At first, I was ticked off to see that Johnathon Williams has beaten me to reviewing Audacity, the outstanding, open-source audio-editing software for Linux, Mac OS X, and Windows.

You see Audacity is a great little program for podcasting and I use it myself for my Cyber Cynic podcasts. It's not just me, the open-source guy -- all of us at eWEEK, Linux-Watch, and Microsoft Watch use Audacity.

How good is it?

We recently used it to make a roundtable podcast on a conference line on which five of us, including yours truly, hashed out the impact of the Vista and Office delays on the Windows community, developers, and enterprise buyers, and what it all means for Linux and Mac OS X. Without Audacity, or a professional audio engineer, I don't know we could have done it.

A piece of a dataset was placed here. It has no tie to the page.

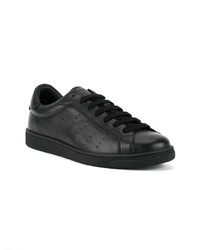 schwarze Leder niedrige Sneakers von DSQUARED2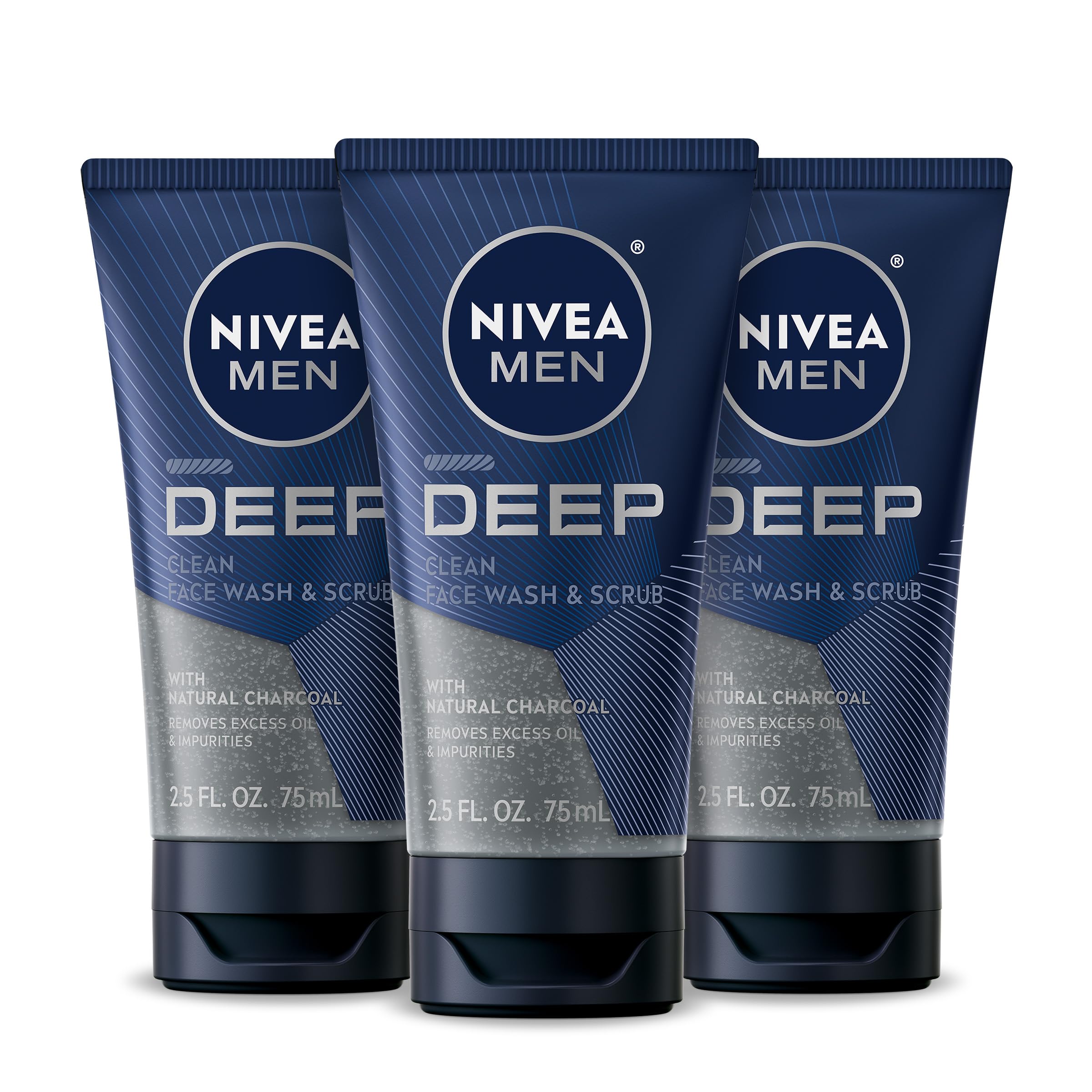 Nivea Men Deep Clean Face Wash and Scrub With Natural Charcoal, Exfoliating Face Wash for Men Removes Excess Oil, Dirt and Impur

But, boy, am I glad that Williams beat me to looking at Audacity in his NewsForge article, Mastering podcasts with Audacity.

You see, he knows, more, a lot more, than I do about how to get the most out of Audacity. I'd have looked like an idiot, had I gotten my naive review of the program out first. While I've often looked like a moron, I'd just as soon avoid it when I can.

Still, there are a few things I can point out.

One of my favorite Audacity features has nothing to do with podcasting. With the program, you can natively convert records and tapes into WAV, AIFF, AU, and Ogg Vorbis digital formats. With the optional LAME encoder library, you can also export to MP3. If you can get a sound into your PC, whether by microphone, line input, whatever, you can record it.

While there are lots of programs that can turn your older recordings into digital formats, I've found most of them to be more trouble than they were worth. With Audacity, I finally found a program that's easy to use, makes it simple to remove static, hiss, and hum from my old LPs, and is open source, to boot.

Now, there may be better "do-it-all" audio recording and editing software out there. In fact, I'm sure there is for recording engineers. But, for most users, most of the time, Audacity is the best of the best.